An implementation of Performer, a linear attention-based transformer, in Pytorch

MIT License

1.07k stars 143 forks source link

Saving checkpoints during training and loading #57

Closed ylhsieh closed 3 years ago

ylhsieh commented 3 years ago

Hi, thanks for this awesome repo. I would like to know the correct way of saving a AutoregressiveWrapper model? Is it torch.save(model.net.state_dict(), 'checkpoint.pt')?. Then how should I load it back for generation? Thanks.

asigalov61 commented 3 years ago

@ylhsieh

Try this:

Save:

torch.save(model.state_dict(), '/content/model.pth')

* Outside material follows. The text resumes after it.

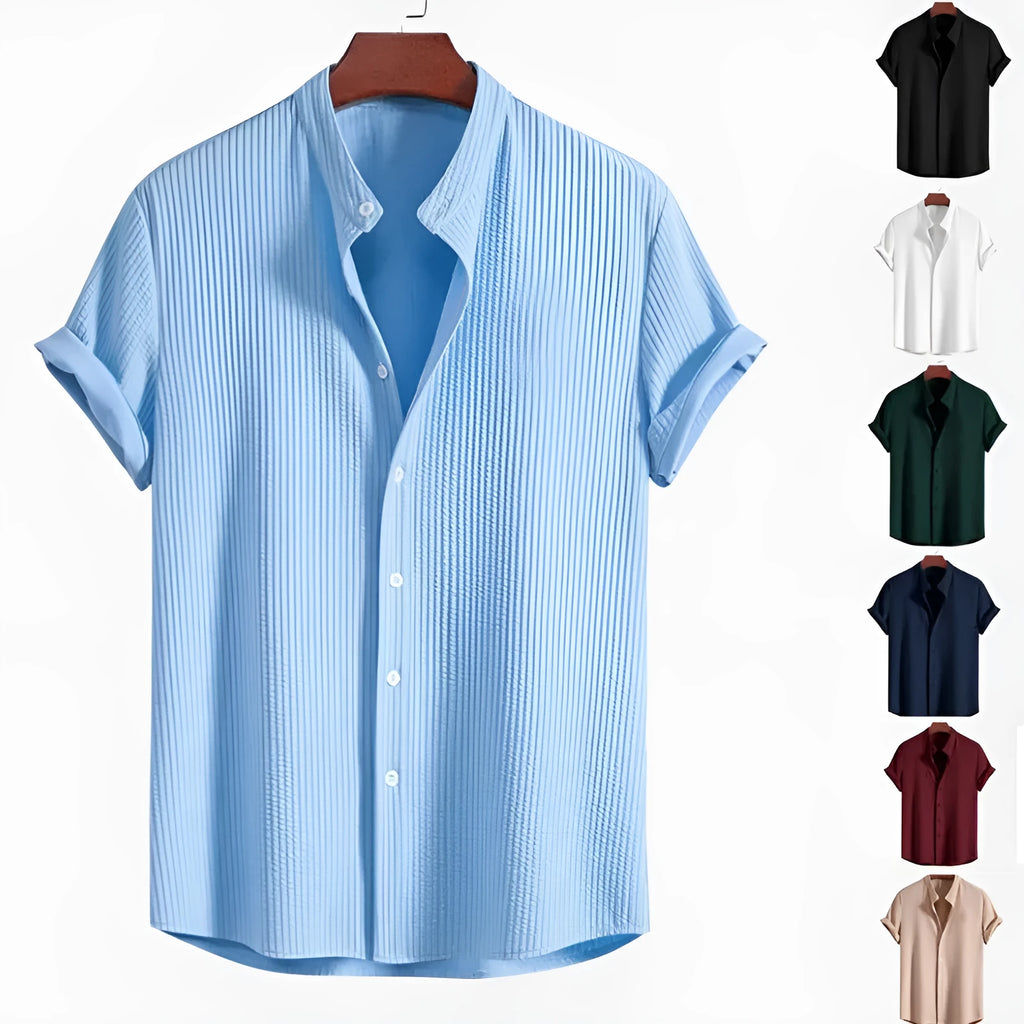 Men's loose fit short sleeve polyester summer shirt on a hanger, shown in a light blue colour.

checkpoint = {'state_dict': model.state_dict(),'optimizer' :optim.state_dict()}
torch.save(checkpoint, '/content/model_sd_opt.pth')

Load:

torch.load('/content/model_sd_opt.pth')

Although loading maybe tricky due to many reasons. So try to read the docs/try a few things.

Hope this is helpful.

ylhsieh commented 3 years ago

Hi thanks so much for your help! I end up using deepspeed and the following commands

model_engine.save('checkpoint_dir', f'{epoch}_{step}')
model_engine.load('checkpoint_dir')

asigalov61 commented 3 years ago

@ylhsieh You are welcome. I am glad you found a working solution. Yes, deepspeed is a good way to go too, so whatever works :)